Illinois's Powerful Government Union Bosses a 'Major Stumbling Block' on State's 'Path to Reform'
Last Friday, Standard & Poor announced its latest downgrading of forced-unionism Illinois’s fiscal status. The Prairie State now has an S&P credit level of A-, putting it in a tie with Big Labor-controlled California for 49th in the country. But Illinois’s negative outlook gives it the lowest overall S&P rating in the country.
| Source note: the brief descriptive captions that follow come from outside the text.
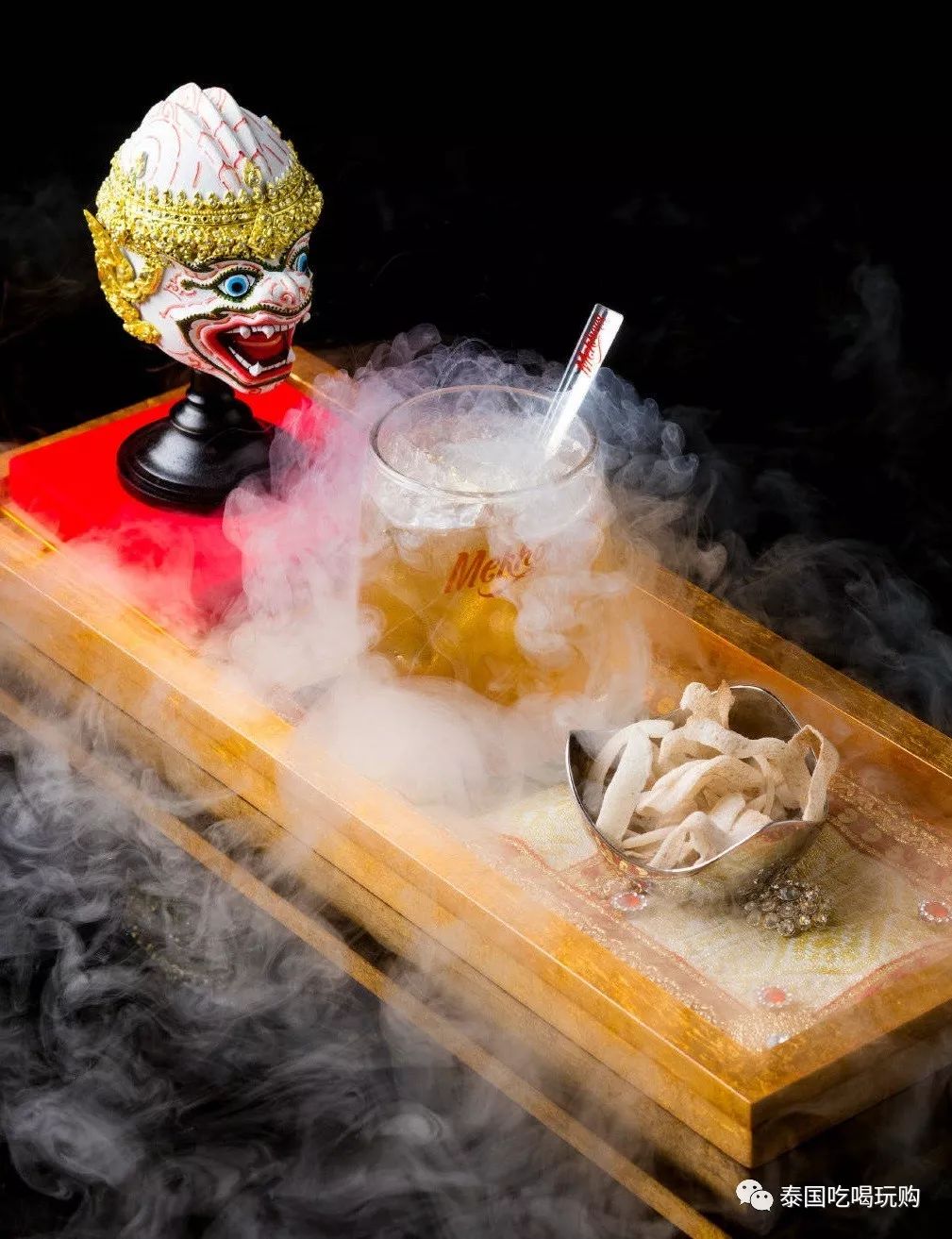 跟随米其林指南探访曼谷osha高奢分子料理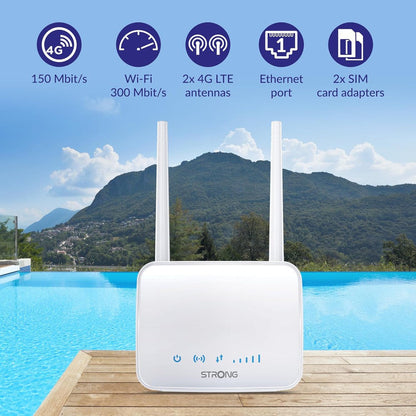 STRONG Mini Routeur 4G LTE 300 Mbit/s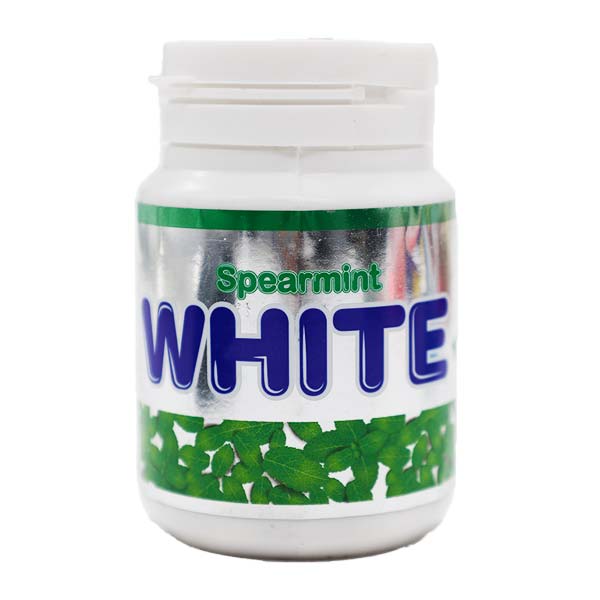 آدامس وایت قوطی طعم نعنا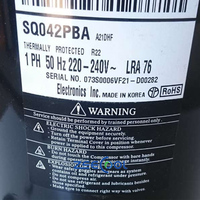 Compresseur Scroll 3HP 4HP SQ034PAA SQ042PBA pour Climatiseur 220-240V Monophasé 50HZ R22, Compresseur de Réfrigération pour L-G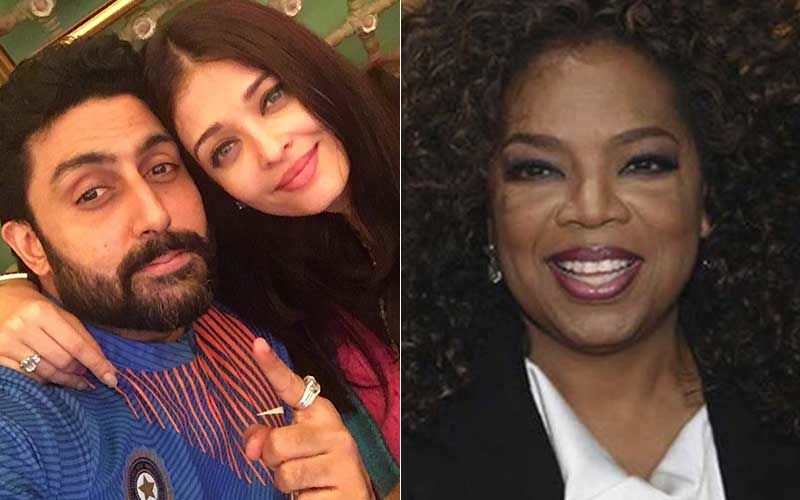 When Abhishek Bachchan-Aishwarya Rai Bachchan Gave A Savage Reply To Oprah Winfrey On Being Asked Why They Live With Parents-WATCH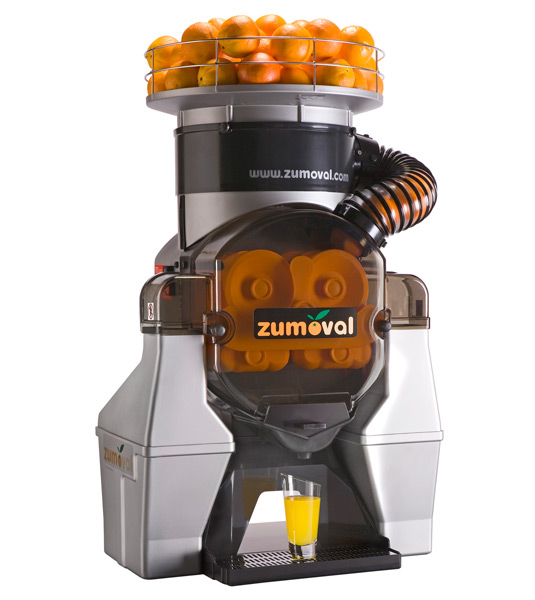 Профессиональная соковыжималка для цитрусовых Zumoval Fasttop 45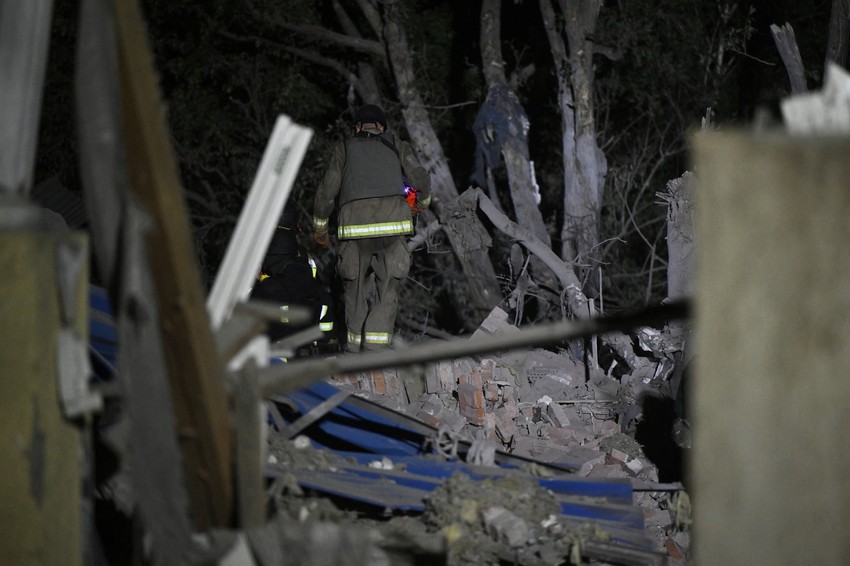 Granatiranja Kramatorska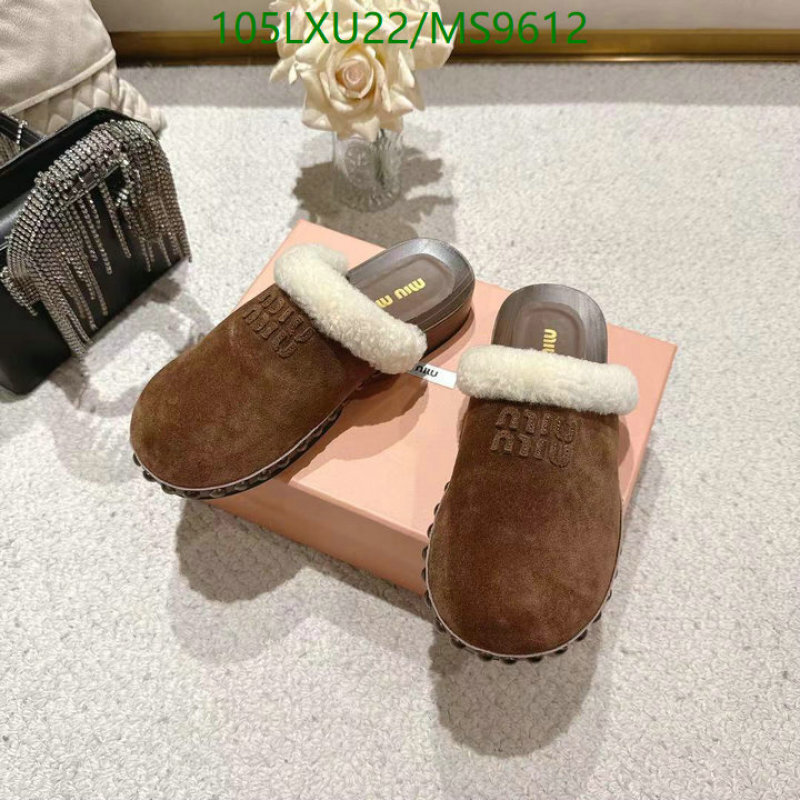 Miu Miu-Women Shoes Code: MS9612 $: 105USD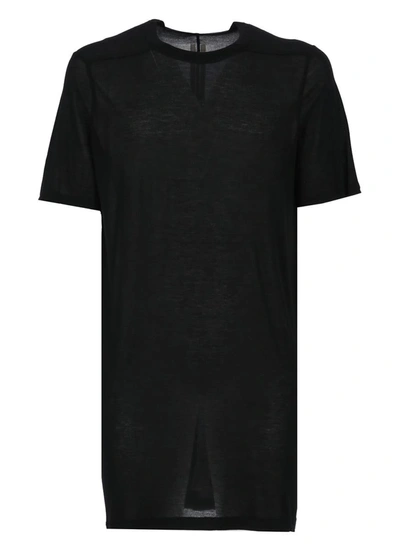 Shop Rick Owens T-shirts And Polos Black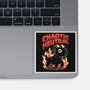 Chaotic Neutral-None-Glossy-Sticker-eduely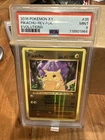 2016 POKEMON XY EVOLUTIONS #35 PIKACHU-REVERSE FOIL PSA 9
The Moody’s bond-rating agency also ranks Illinois 50th among the states.
In an editorial today, Investor’s Business Daily charges that Illinois politicians’ unwillingness to stand up to Big Labor is a key reason why their state has become “America’s Greece”:
While neighbors like Wisconsin, Indiana and Michigan have either challenged the unions on pension reform or embraced right-to-work to encourage the economic growth to fund them, Illinois remains in thrall to big labor.
A major stumbling block on the path to reform has been the state’s powerful public employee unions.
We Are One Illinois (WAOI), a group that represents more than 1 million state workers, has formed to fight any reforms, even while the state’s pension costs rise at a rate of $17 million per day.
The state will spend $5.9 billion on the pension system in fiscal year 2013, which ends in July 2013, and will spend nearly $7 billion in FY 2014.
The Standard & Poor’s report warns that further inaction could lead to downgrading Illinois to “BBB,” an “unusual” low rating for any state.
The agency noted a “lack of action on pension reform and upcoming budget challenges could result in further credit deterioration.”